Your output should be the lines below from the one with "ThePartyPopper Mermaid Happy" through the one with "Koło pasowe wału korbowego FEBEST MDS-001", copied exactly, pictures excluded.
=== Provided entries ===
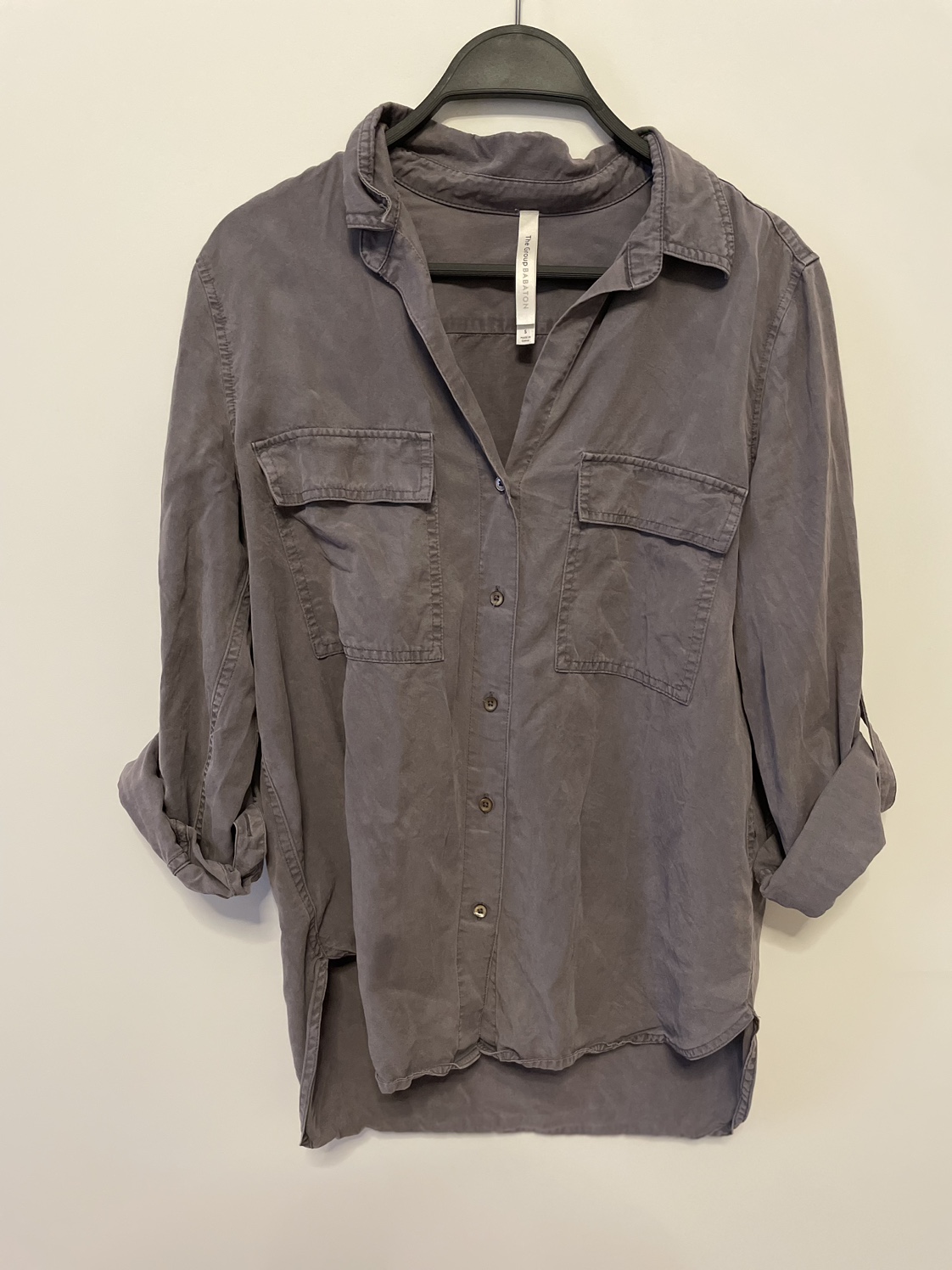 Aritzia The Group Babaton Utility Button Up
===
=== Provided entries ===
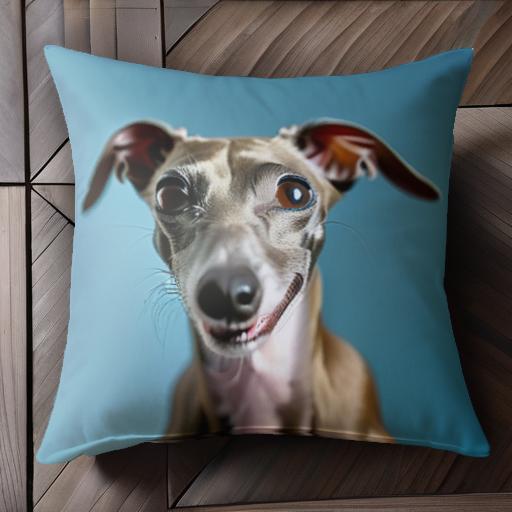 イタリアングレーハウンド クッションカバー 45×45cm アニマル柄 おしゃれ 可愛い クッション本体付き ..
===
=== Provided entries ===
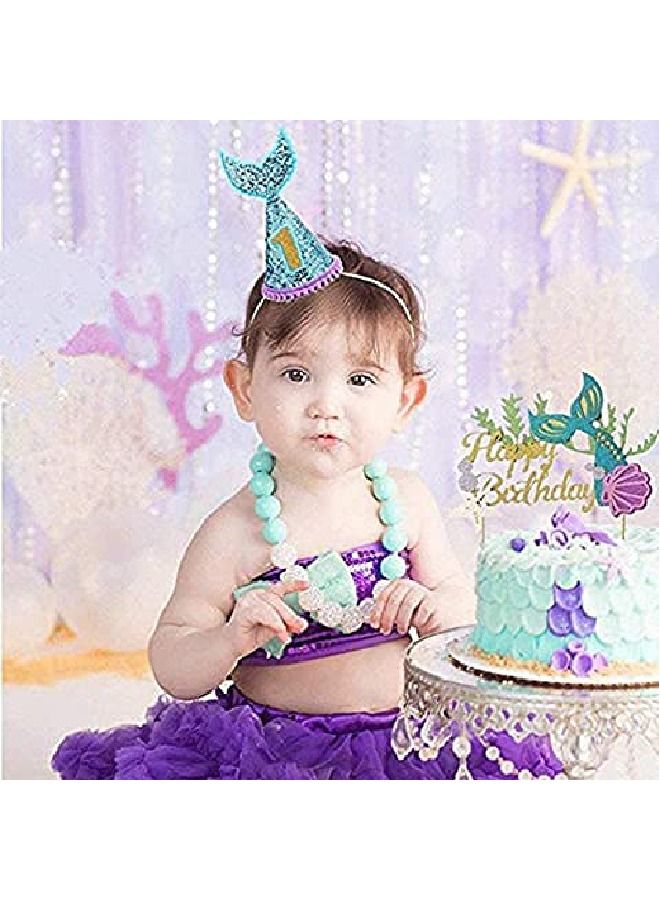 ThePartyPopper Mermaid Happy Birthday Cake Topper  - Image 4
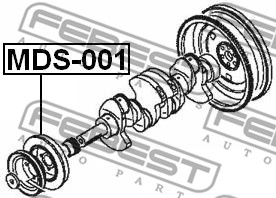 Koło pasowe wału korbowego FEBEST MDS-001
===
◆ Task result ◆
 ThePartyPopper Mermaid Happy Birthday Cake Topper  - Image 4
 Koło pasowe wału korbowego FEBEST MDS-001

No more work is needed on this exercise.